▶ Listed records:
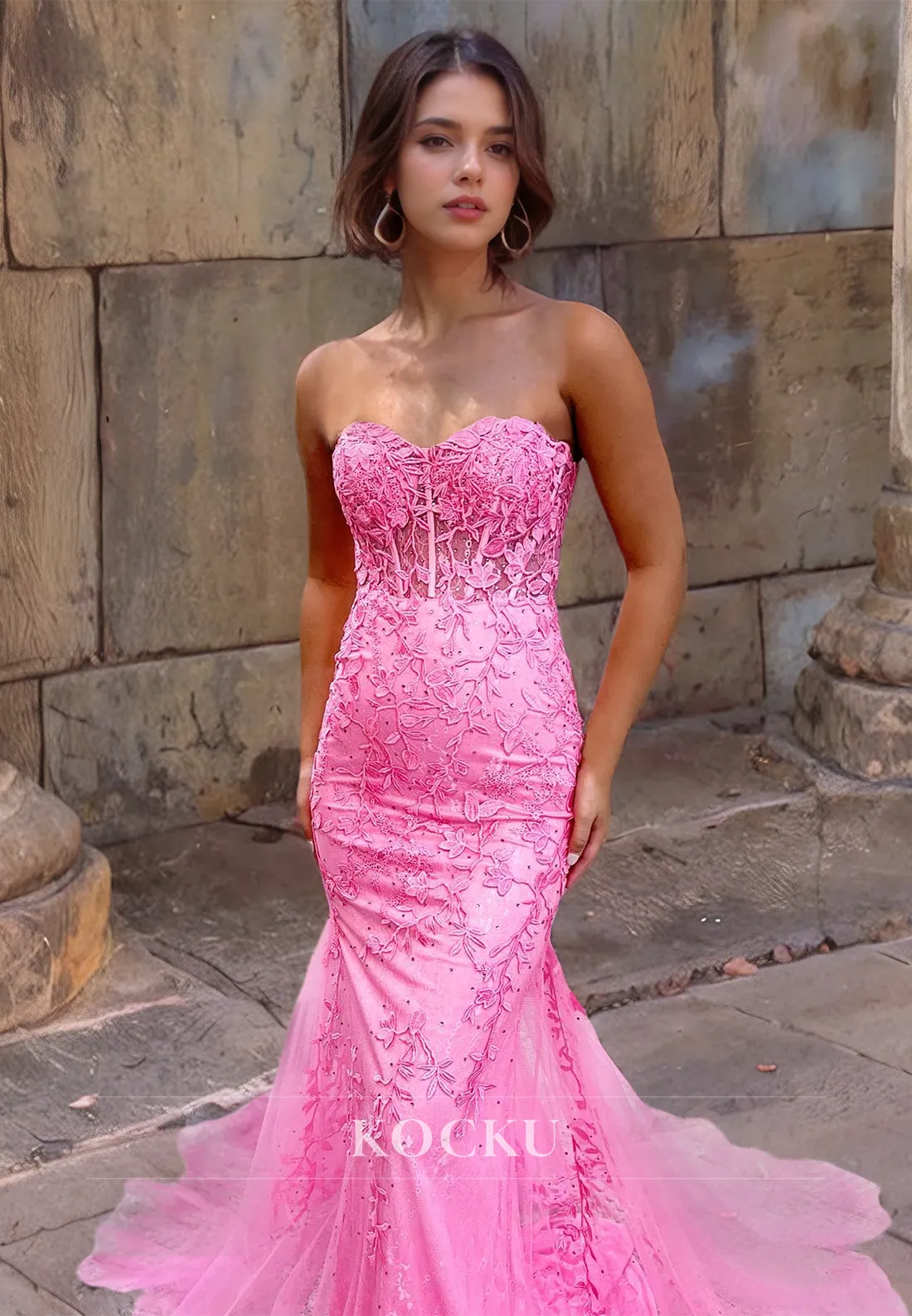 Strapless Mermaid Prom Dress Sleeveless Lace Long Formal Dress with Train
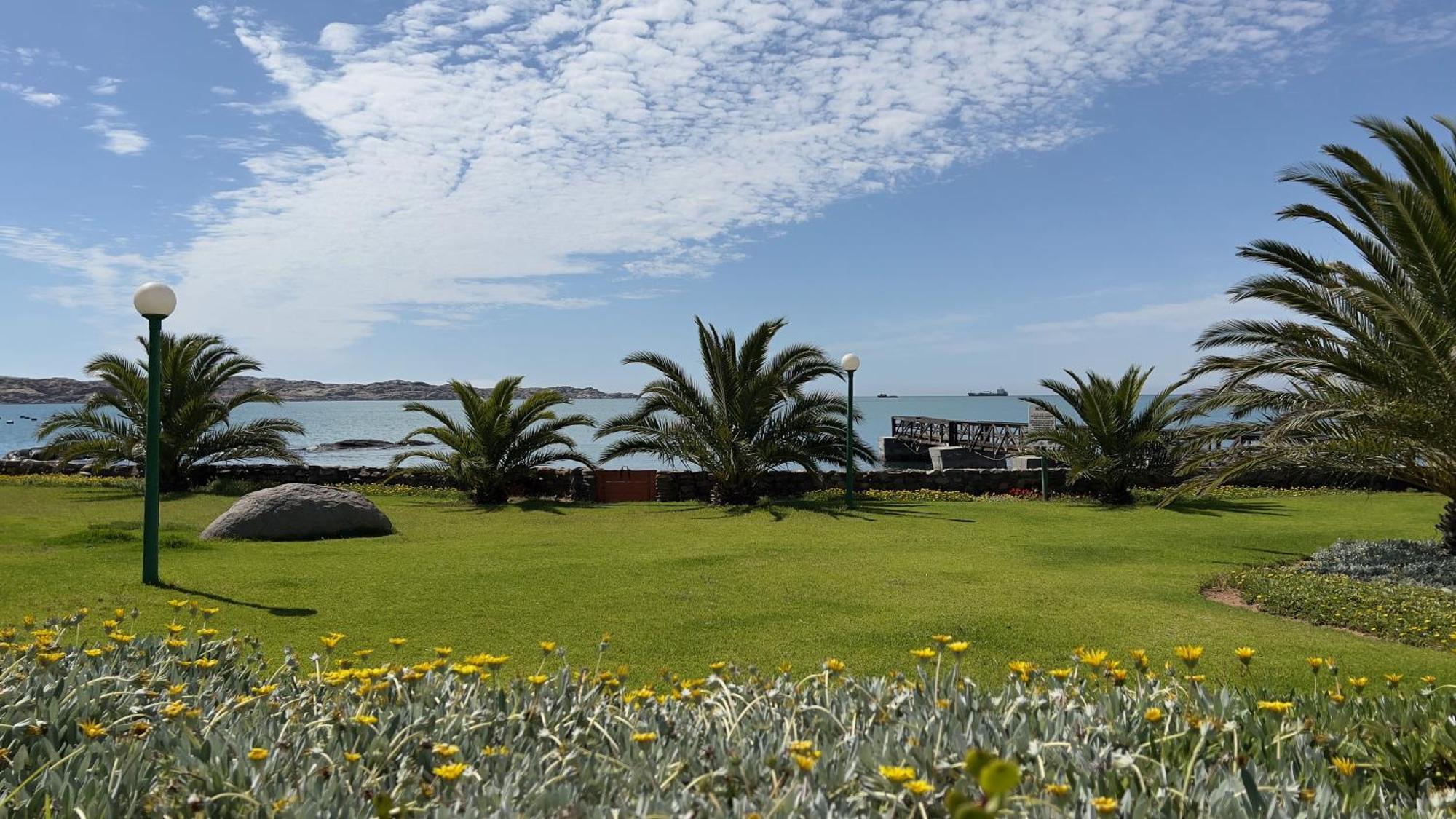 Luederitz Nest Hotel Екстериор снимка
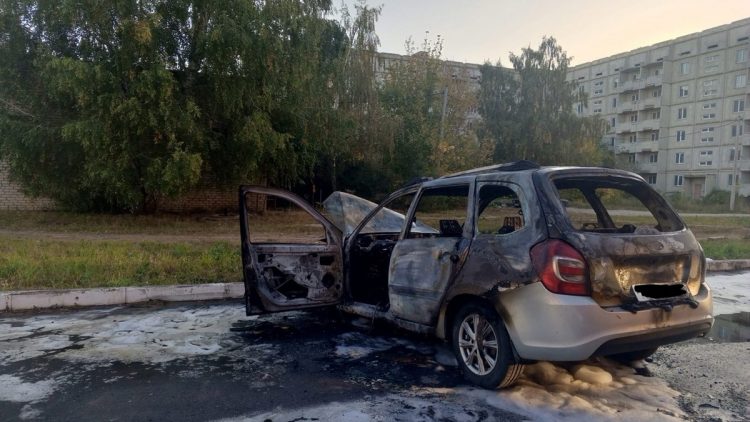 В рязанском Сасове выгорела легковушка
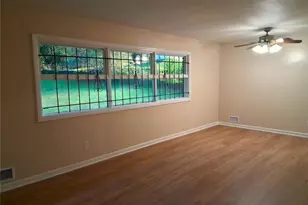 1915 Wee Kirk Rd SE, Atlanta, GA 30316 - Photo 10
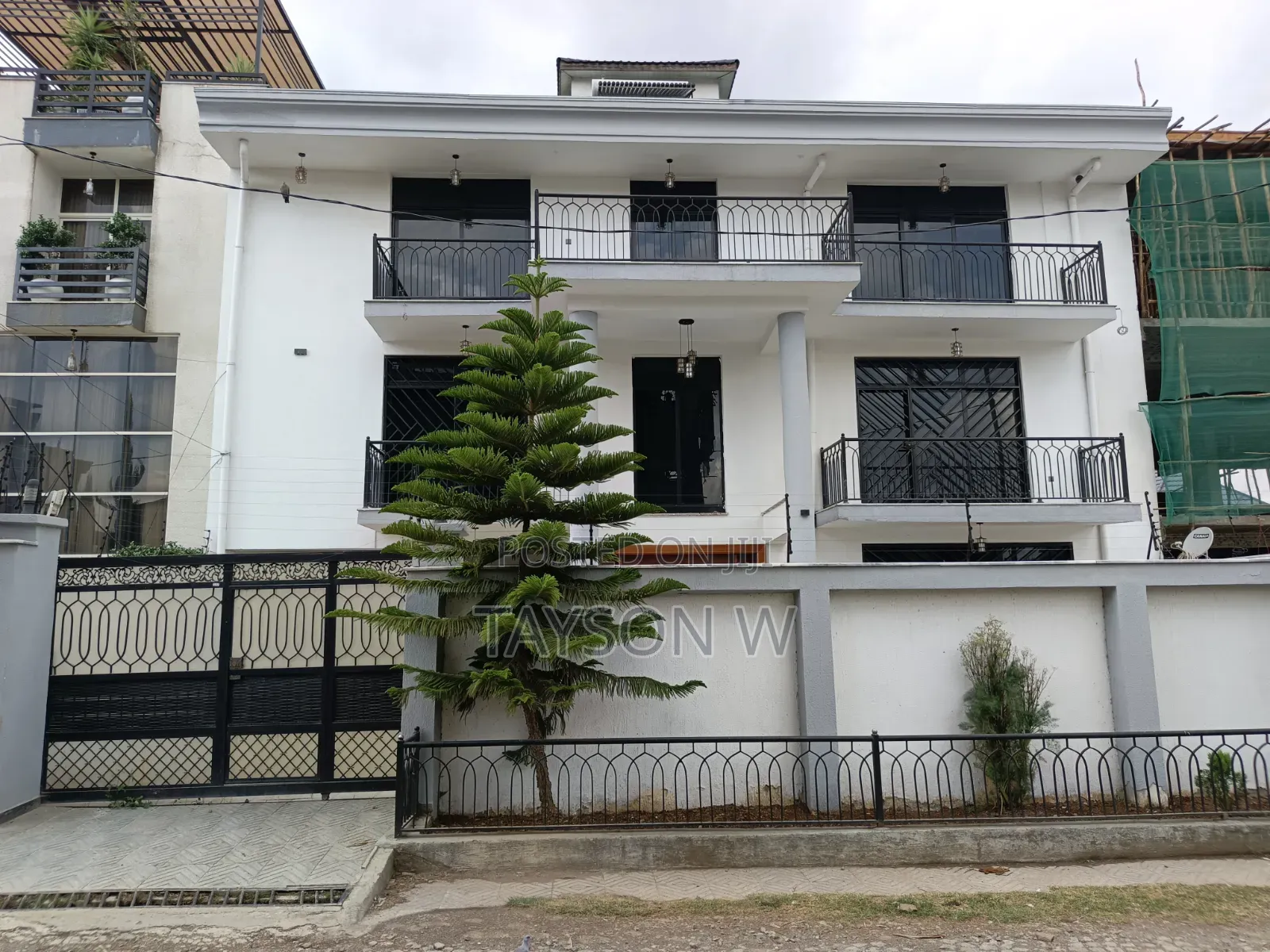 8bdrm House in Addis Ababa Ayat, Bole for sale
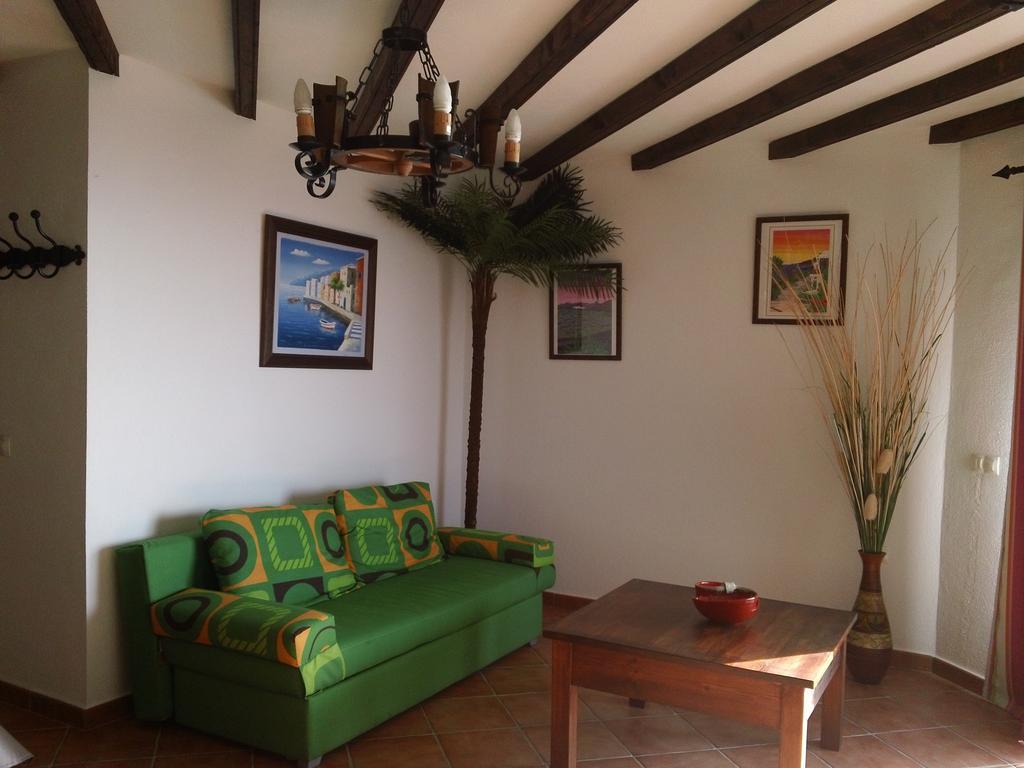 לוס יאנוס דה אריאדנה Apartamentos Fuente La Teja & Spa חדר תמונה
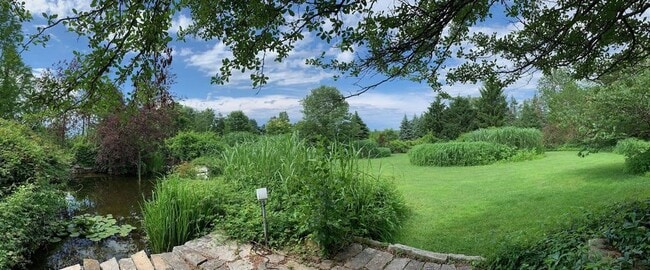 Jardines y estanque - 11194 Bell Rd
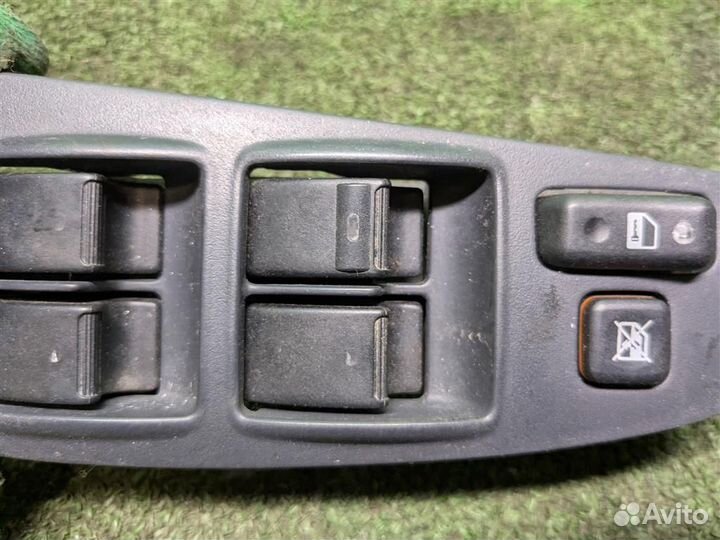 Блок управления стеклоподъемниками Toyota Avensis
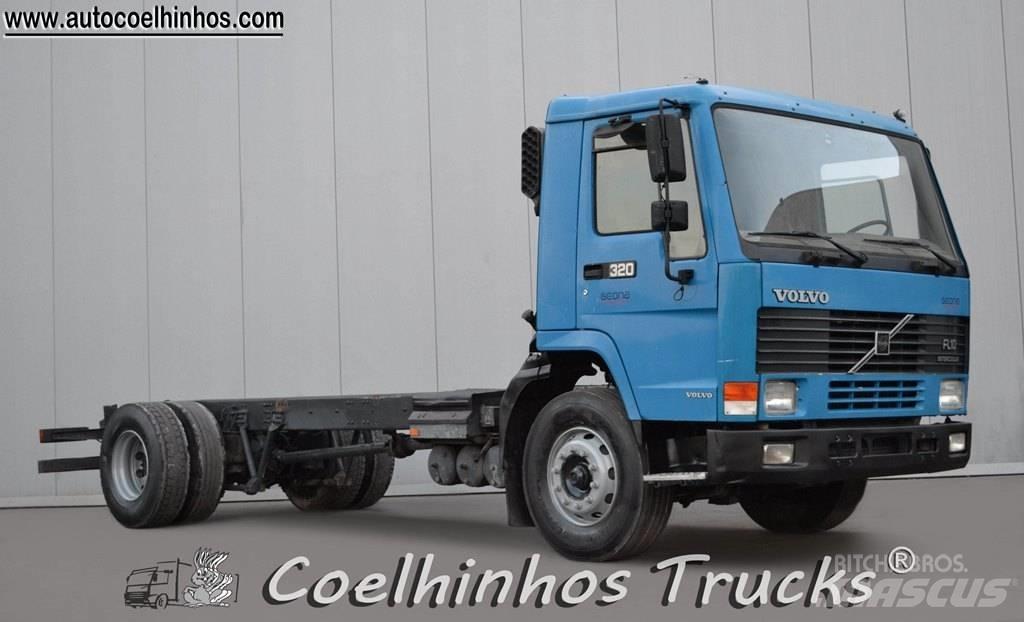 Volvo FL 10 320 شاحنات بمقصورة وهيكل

▶ What is expected: Your task is a word-for-word transcription of the entries, leaving out all pictures.

▶ Reply to the task:
 Strapless Mermaid Prom Dress Sleeveless Lace Long Formal Dress with Train
 Luederitz Nest Hotel Екстериор снимка
 В рязанском Сасове выгорела легковушка
 1915 Wee Kirk Rd SE, Atlanta, GA 30316 - Photo 10
 8bdrm House in Addis Ababa Ayat, Bole for sale
 לוס יאנוס דה אריאדנה Apartamentos Fuente La Teja & Spa חדר תמונה
 Jardines y estanque - 11194 Bell Rd
 Блок управления стеклоподъемниками Toyota Avensis
 Volvo FL 10 320 شاحنات بمقصورة وهيكل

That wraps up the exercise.